For this reason, we are writing to call your attention to the fact that the Donaldson Run (Tributary B) project is based on outdated methods and, as a result, is far more expensive than it needs to be. The current proposed design is based on Rosgen’s “natural channel” approach, which averages a cost of nearly $2,000 per linear foot ($2.6 million over 1300 feet). Redesigning the project using a state of the art “regenerative” stream restoration approach could cost less than half the price. The resulting stream stabilization and repair would achieve Chesapeake Bay credits. The attachments to this letter provide details on the methods and costs.

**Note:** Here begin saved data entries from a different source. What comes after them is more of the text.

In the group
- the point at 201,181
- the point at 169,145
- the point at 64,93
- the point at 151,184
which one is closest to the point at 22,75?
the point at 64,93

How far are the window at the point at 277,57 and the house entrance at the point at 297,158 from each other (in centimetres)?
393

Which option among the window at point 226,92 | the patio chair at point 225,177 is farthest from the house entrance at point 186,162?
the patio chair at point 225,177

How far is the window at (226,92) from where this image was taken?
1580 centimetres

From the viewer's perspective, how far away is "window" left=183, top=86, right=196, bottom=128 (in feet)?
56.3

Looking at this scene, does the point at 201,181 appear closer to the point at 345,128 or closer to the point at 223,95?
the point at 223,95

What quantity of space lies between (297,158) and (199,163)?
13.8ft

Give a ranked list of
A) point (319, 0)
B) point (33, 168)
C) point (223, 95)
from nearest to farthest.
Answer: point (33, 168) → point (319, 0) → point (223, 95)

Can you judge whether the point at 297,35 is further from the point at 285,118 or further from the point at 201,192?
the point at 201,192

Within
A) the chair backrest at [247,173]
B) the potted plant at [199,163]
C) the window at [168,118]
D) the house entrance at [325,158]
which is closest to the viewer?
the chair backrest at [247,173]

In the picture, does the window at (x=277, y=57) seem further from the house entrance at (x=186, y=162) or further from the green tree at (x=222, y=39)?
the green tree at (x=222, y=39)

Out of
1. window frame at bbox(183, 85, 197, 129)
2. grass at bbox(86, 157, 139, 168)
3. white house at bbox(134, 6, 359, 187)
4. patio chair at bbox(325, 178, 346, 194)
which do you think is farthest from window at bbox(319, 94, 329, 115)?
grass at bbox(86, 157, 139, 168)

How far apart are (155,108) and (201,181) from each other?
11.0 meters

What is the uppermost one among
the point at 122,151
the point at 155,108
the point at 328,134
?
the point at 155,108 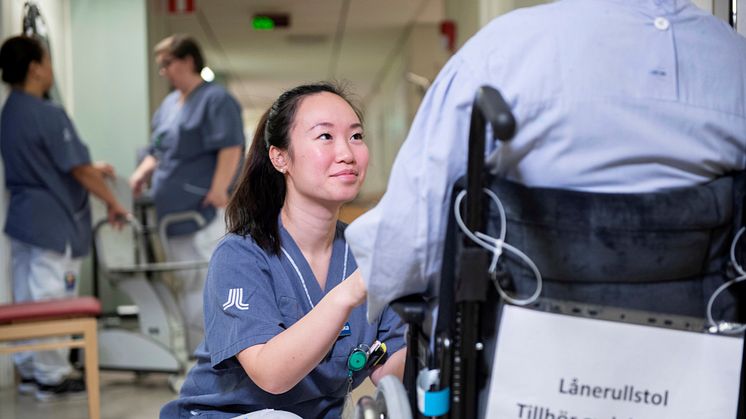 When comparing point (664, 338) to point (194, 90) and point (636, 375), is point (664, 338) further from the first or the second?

Moreover, a state-of-the art approach will result in the destruction of far fewer trees which, if the benefits of trees are appropriately accounted for, will show the cost-effectiveness of a regenerative design to be even greater. Using a new technique that maximizes wood-based methods will allow the use of some materials sourced from the site thereby eliminating the costly and environmentally damaging hauling of large amounts of stone.
As a steward of Arlington taxpayer resources, we ask you to immediately pause the Donaldson Run Tributary B project and reevaluate it using state of the art methods. We have stream restoration experts already familiar with Donaldson Run who can hold informational briefings on these updated techniques with County staff as soon as can be scheduled. Also, the Arlington Tree Action Group (ATAG) which numbers among its members, environmental and landscape design professionals with decades of experience, will be glad to help you with this effort.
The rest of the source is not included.